The in-depth study compared actual sales prices charged by manufacturers - the price before margins for pharmacy, wholesale and distribution costs have been added. The analysis showed that average actual manufacturer selling prices for readily available generics are typically around half the Drug Tariff or reimbursement price - the cost that the NHS pays for a medicine.

The analysis focused on primary care and sales of medicines through community pharmacies, and concluded that the market for the supply of generic medicines in the UK is functioning well and delivering significant price reductions following loss of patent exclusivity from originators.

Other main findings included:

  • The actual selling prices charged by generic manufacturers in the UK are significantly lower than the price of the originator’s branded product in the UK before the loss of exclusivity. On average across a number of products, generic prices over a four-year period after entry are 70–90% lower.
  • While generic prices can sometimes increase many years after entry, in the long-run the price is still around 80% lower than the price of the relevant branded product before the loss of exclusivity.
  • While prices sometimes increase, many of these reverse over time, indicating a well-functioning market. In particular, in a majority of cases where there was a significant price increase over a short time, these had largely dissipated within 12 months. The extent of the reversal was relatively lower, and slower, for price increases that occurred over a long period of time.
  • A comparison of prices across five comparable European countries suggests that prices of generic medicines in the UK are generally lower - often by a large amount, up to 4.5 times more expensive than in the UK.

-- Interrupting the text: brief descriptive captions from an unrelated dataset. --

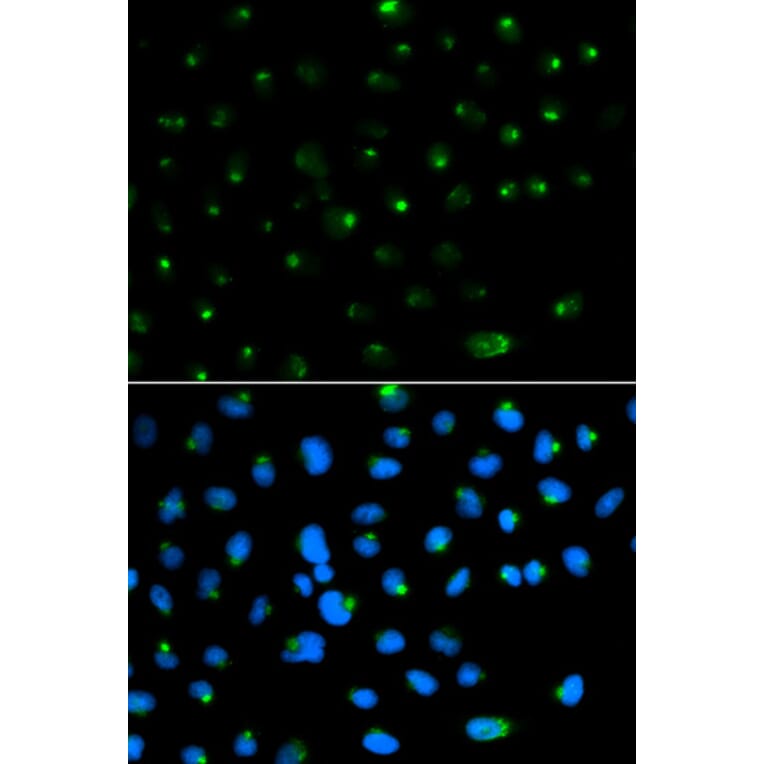 Immunofluorescence - PSAP Antibody from Signalway Antibody (32449) - Antibodies.com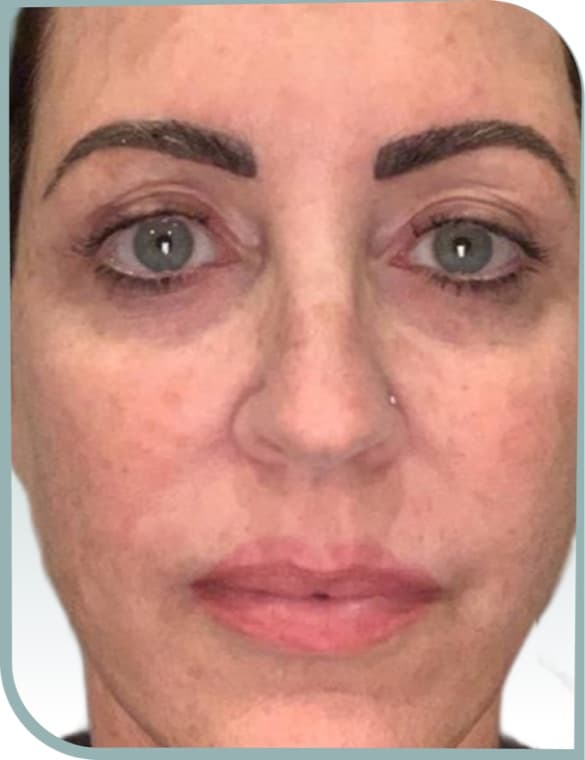 Dark under eye circles, Before photo (result 2 of 10)
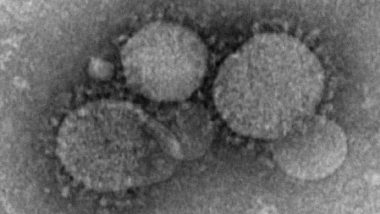 MERS Coronavirus: সৌদি আরবে ছড়াচ্ছে মার্স করোনা ভাইরাস! আক্রান্ত ৪, উদ্বেগ প্রকাশ বিশ্ব স্বাস্থ্য সংস্থার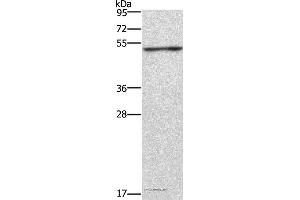 Western blot analysis of Jurkat cell, using CKMT2 Polyclonal Antibody at dilution of 1:700 (CKMT2 anticorps)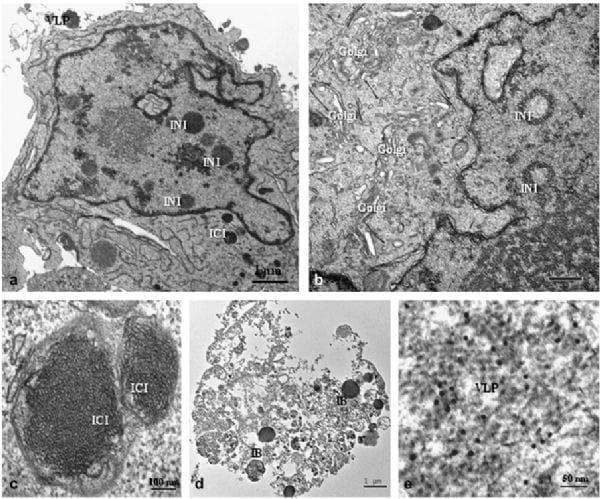 Porcine Circovirus Type 2 Morphogenesis in a Clone Derived from the L35 Lymphoblastoid Cell Line - Image 6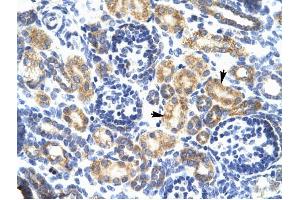 P2RX7 antibody was used for immunohistochemistry at a concentration of 4-8 ug/ml to stain Epithelial cells of renal tubule (arrows) in Human Kidney. (P2RX7 抗体  (N-Term))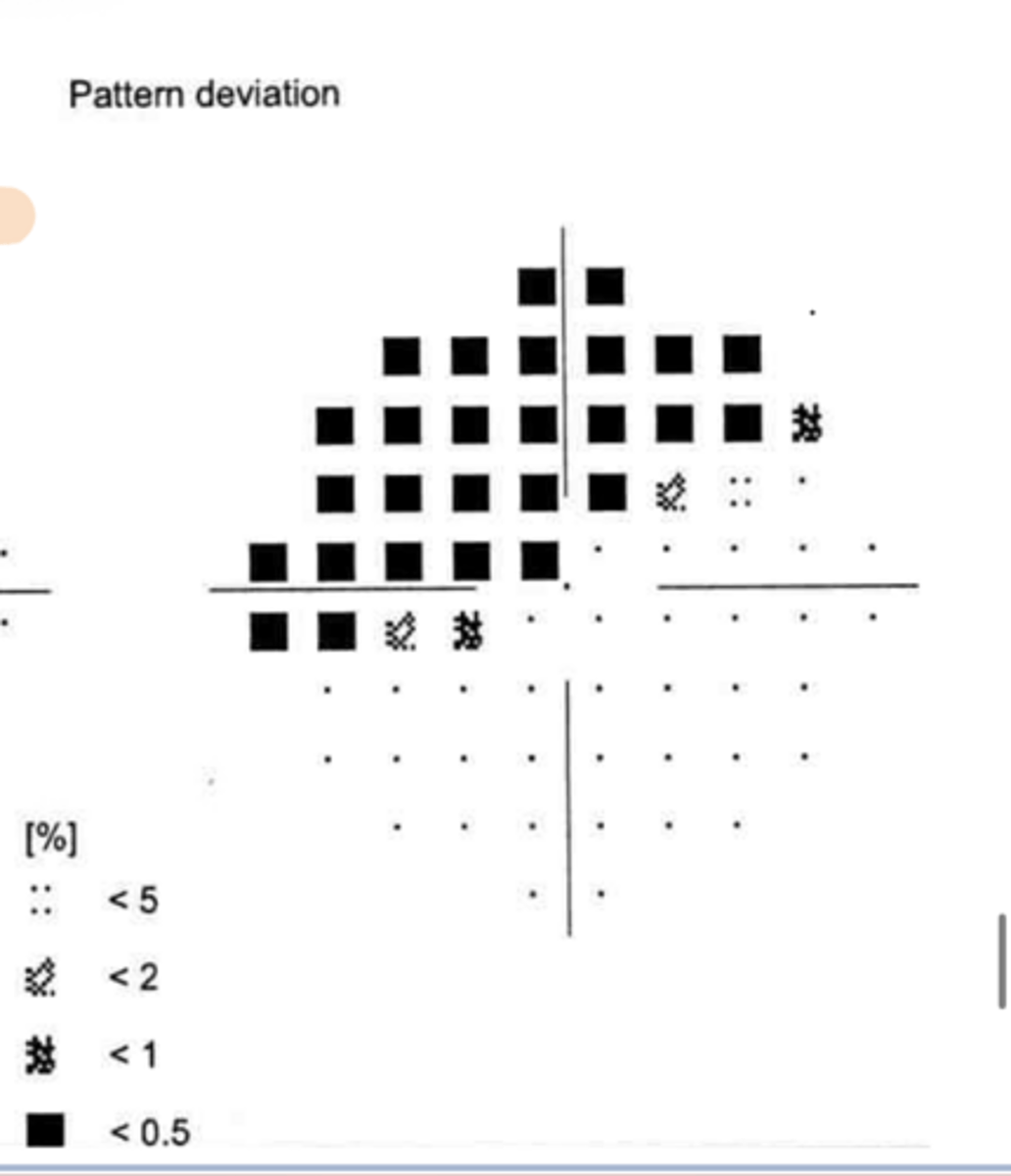 <p>Pattern Deviation VF Plot for IT Drance Hemorrhage</p>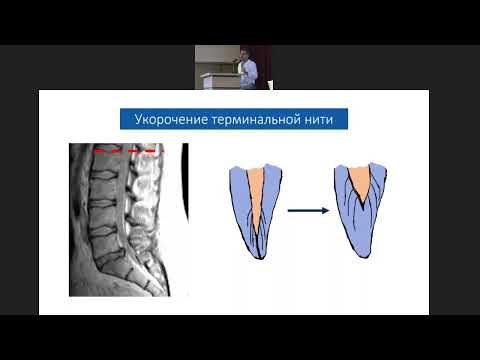 Видео: Фиксированный спинной мозг — диагностика и методы лечения!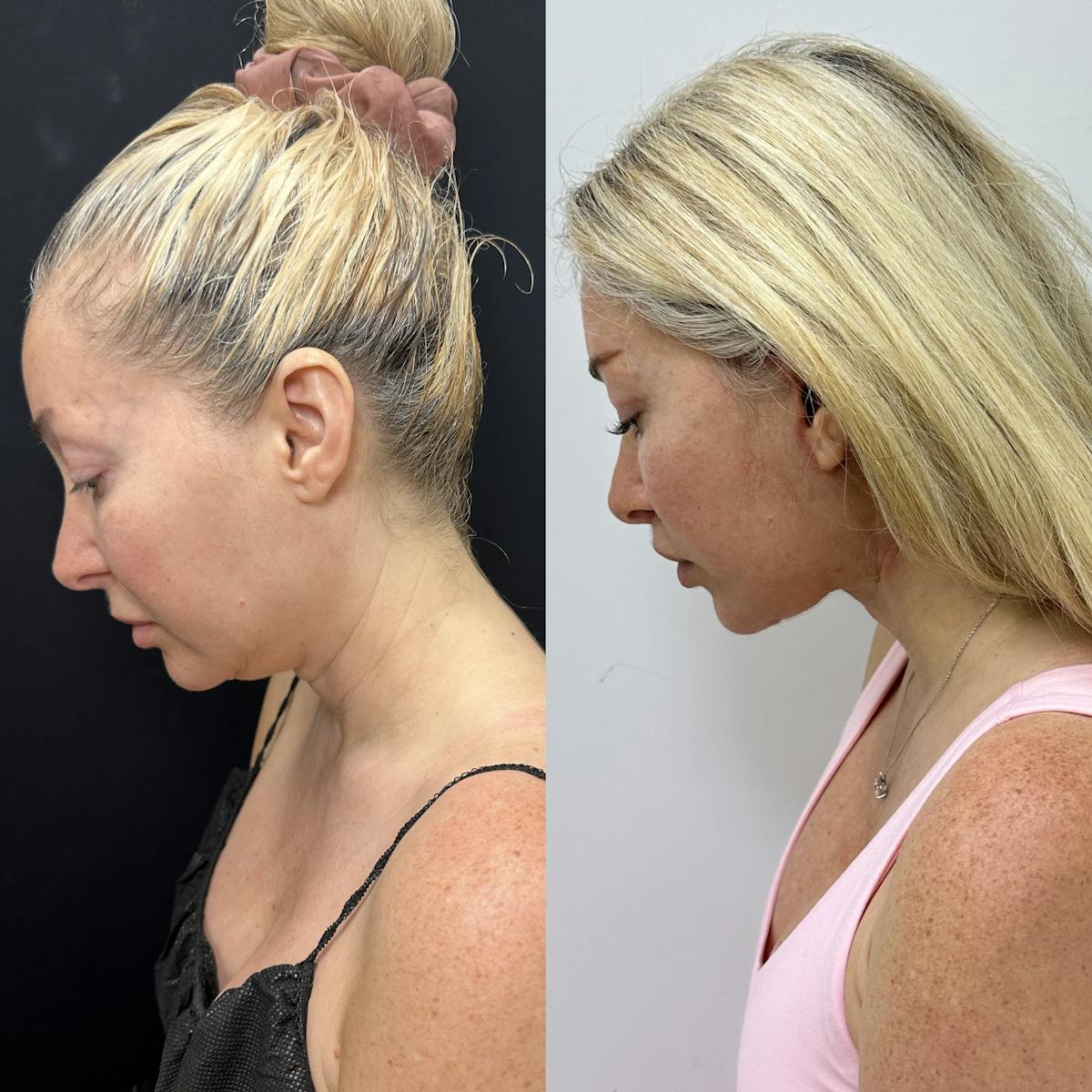 Deep Plane Facelift Before & After Gallery - Patient 406072 - Image 2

Kim Innes, General Manager of Teva UK Limited, said:

"We’re proud of our track record in making better days for patients by providing high-quality medicines to the NHS. Today’s report confirms that the UK gets good value for money from its generic medicines, making savings that can be spent on innovation, further or other new treatments. Sustainable healthcare is vital for the future of the NHS and this report shows the contribution that companies including Teva make towards that goal."